EXERCISE AIM
Could you please repeat the entries below word for word, with the images left out?

INFORMATION
"""

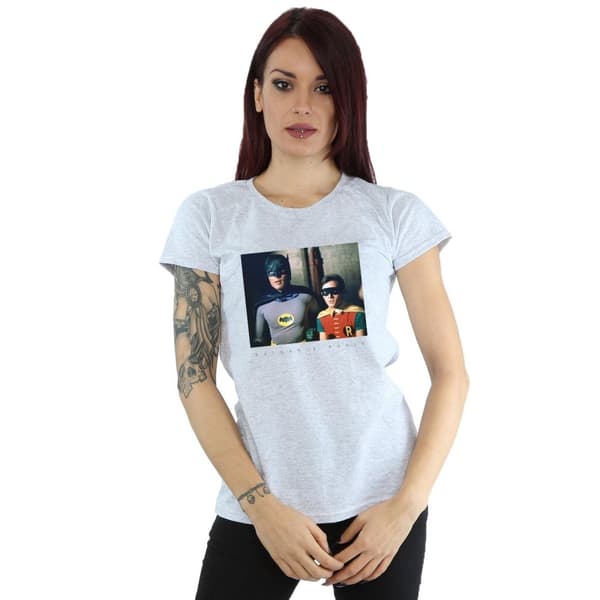 DC Comics Womens/Ladies Batman TV Series Dynamic Duo Photograph Cotton T-Shirt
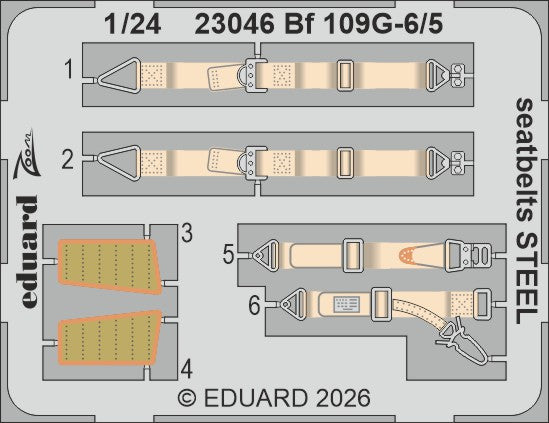 Messerschmitt Bf-109G-5/6 seatbelts STEEL 1/24 (designed to be used with Airfix kits)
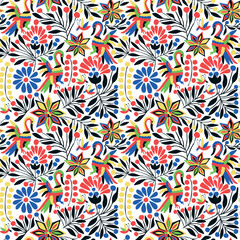 Seamless pattern with birds and floral ornament in the style of Mexican otomi embroidery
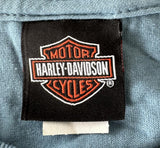 Harley Davidson Men's Woman With Motorcycle Blue Short Sleeve Shirt Size Large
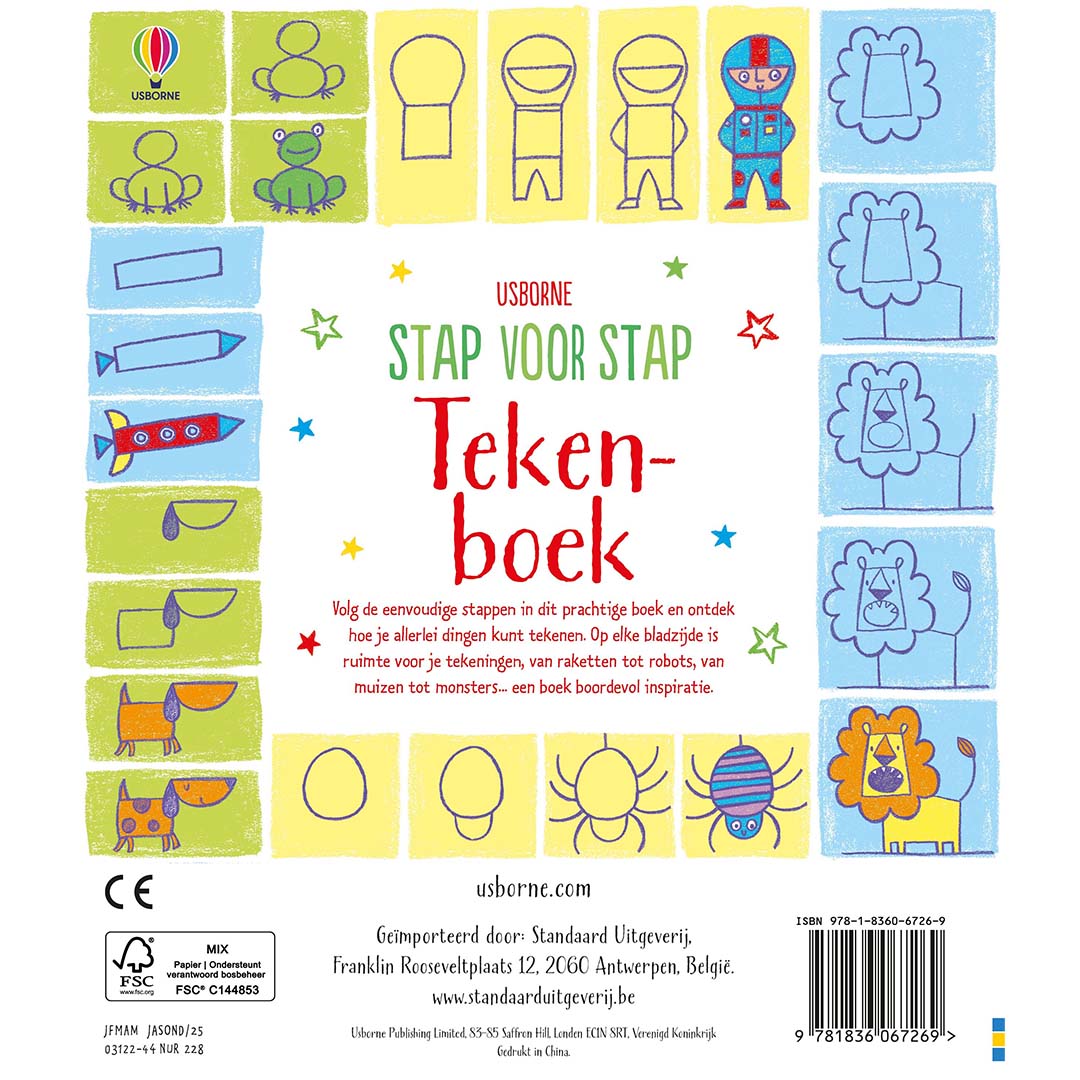 uitgeverij usborne stap voor stap tekenboek | 1706726 | 6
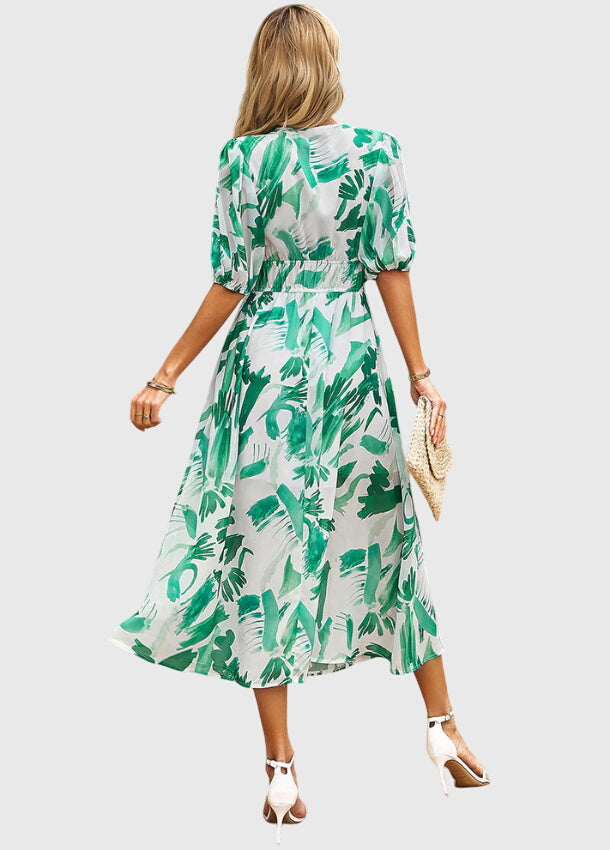 Merlin™ | Flatterende Midi-jurk met Bloemenprint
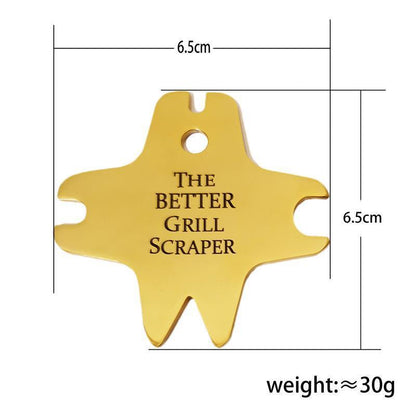 Stainless steel barbecue scraper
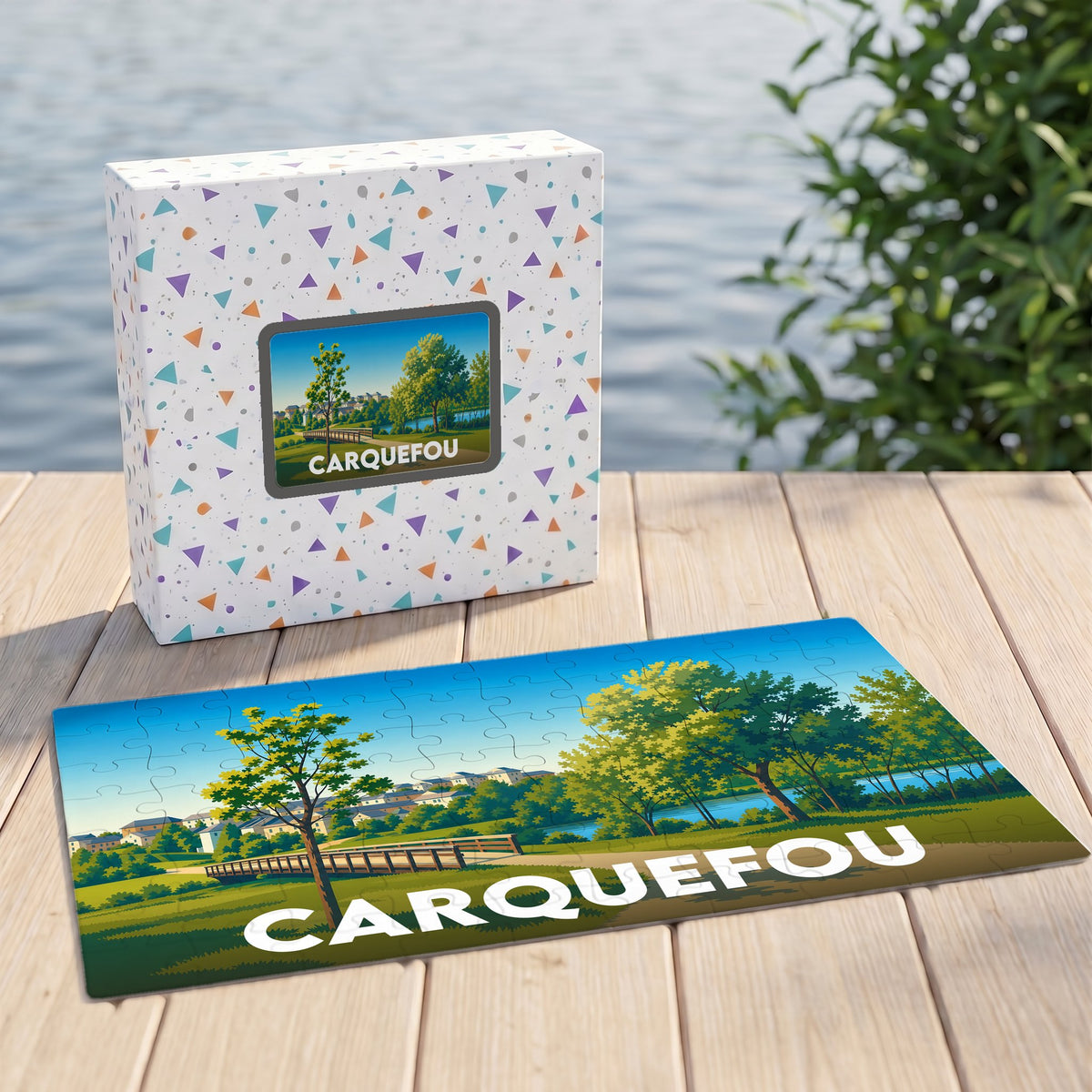Puzzle souvenir de la ville de Carquefou avec une illustration paysagère stylisée.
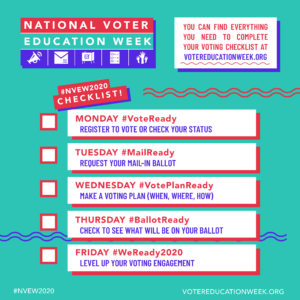 It's National Voter Education Week! Check out the week ahead. #NVEW2020 #MustangsVote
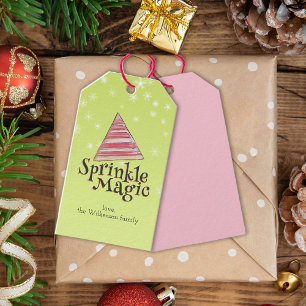 Feestelijke Minimal Christmas Elf Pet Roze Rode St Cadeaulabel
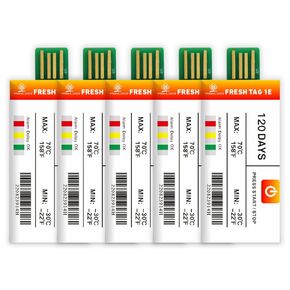 Freshliance Temperature Data Logger Recorder, Disposable USB Temperature Loggers Cover 120 Days, High Accuracy 20000 Points with PDF CSV Reports, for Fresh Transportation Fresh Tag 1E, 10packs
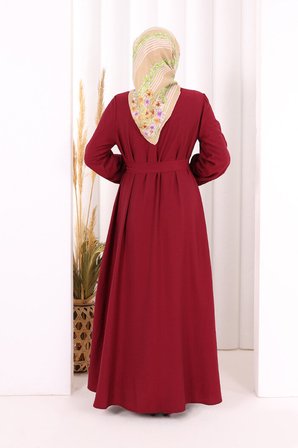Hac Umre Elbise Boydan Düğmeli 7053 Bordo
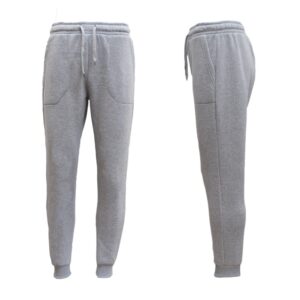 Mens Unisex Fleece Lined Sweat Track Pants Suit Casual Trackies Slim Cuff XS-6XL  Light Grey  3XL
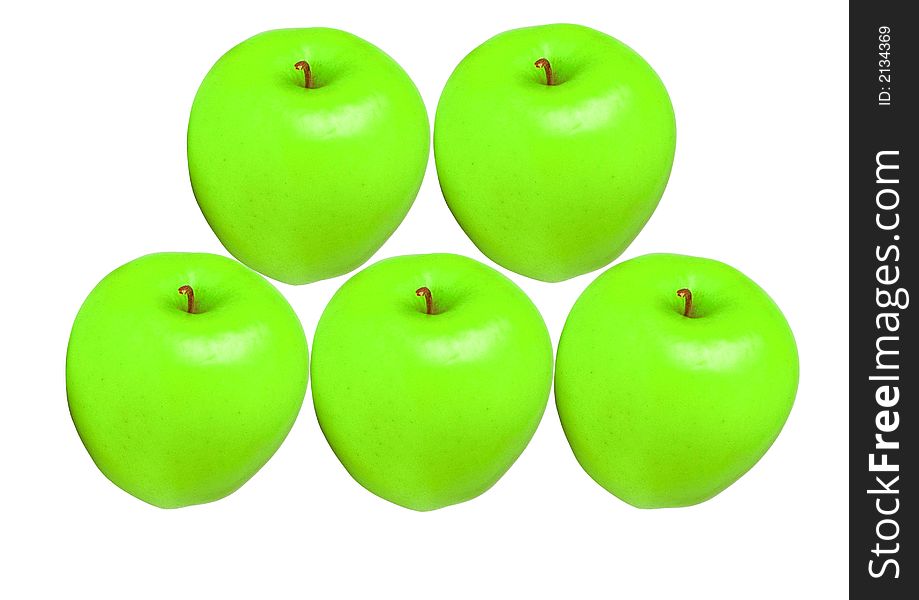 Apples green colors isolated, insulated, on a absolutely white background. Apples green colors isolated, insulated, on a absolutely white background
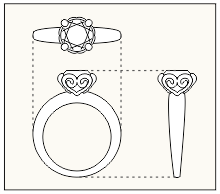 手書きで描いたリングの図面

"""

COMPLETED EXERCISE
 DC Comics Womens/Ladies Batman TV Series Dynamic Duo Photograph Cotton T-Shirt
 Messerschmitt Bf-109G-5/6 seatbelts STEEL 1/24 (designed to be used with Airfix kits)
 Seamless pattern with birds and floral ornament in the style of Mexican otomi embroidery
 Harley Davidson Men's Woman With Motorcycle Blue Short Sleeve Shirt Size Large
 uitgeverij usborne stap voor stap tekenboek | 1706726 | 6
 Merlin™ | Flatterende Midi-jurk met Bloemenprint
 Stainless steel barbecue scraper
Puzzle souvenir de la ville de Carquefou avec une illustration paysagère stylisée.
 It's National Voter Education Week! Check out the week ahead. #NVEW2020 #MustangsVote
 Feestelijke Minimal Christmas Elf Pet Roze Rode St Cadeaulabel
 Freshliance Temperature Data Logger Recorder, Disposable USB Temperature Loggers Cover 120 Days, High Accuracy 20000 Points with PDF CSV Reports, for Fresh Transportation Fresh Tag 1E, 10packs
Hac Umre Elbise Boydan Düğmeli 7053 Bordo
 Mens Unisex Fleece Lined Sweat Track Pants Suit Casual Trackies Slim Cuff XS-6XL  Light Grey  3XL
 Apples green colors isolated, insulated, on a absolutely white background. Apples green colors isolated, insulated, on a absolutely white background
 手書きで描いたリングの図面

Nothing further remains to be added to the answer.